Your task: Keep to one stretch of the data below, the lines from the one with "Cerim�nia de posse" up to and including the one with "Item preview, Astronomical", and return that stretch exactly.

Source information:
________________________

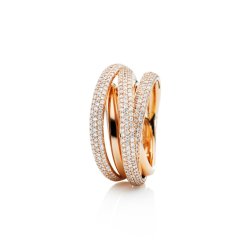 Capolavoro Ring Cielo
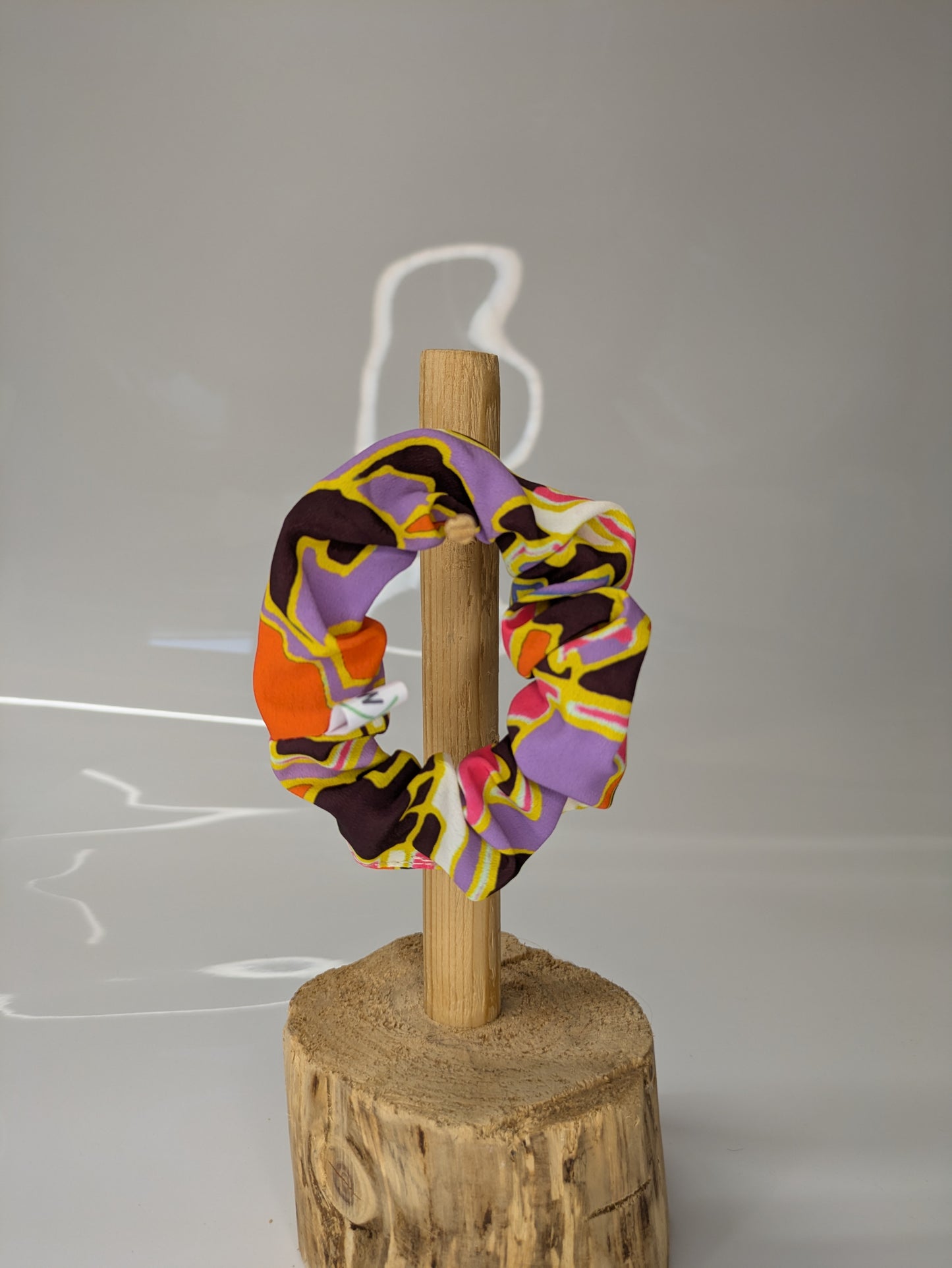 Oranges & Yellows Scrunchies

________________________

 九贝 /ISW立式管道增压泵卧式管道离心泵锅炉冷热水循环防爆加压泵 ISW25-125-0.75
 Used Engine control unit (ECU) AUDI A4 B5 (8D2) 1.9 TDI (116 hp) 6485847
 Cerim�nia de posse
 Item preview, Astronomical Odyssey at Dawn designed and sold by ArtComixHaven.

________________________

Expected output:
 Cerim�nia de posse
 Item preview, Astronomical Odyssey at Dawn designed and sold by ArtComixHaven.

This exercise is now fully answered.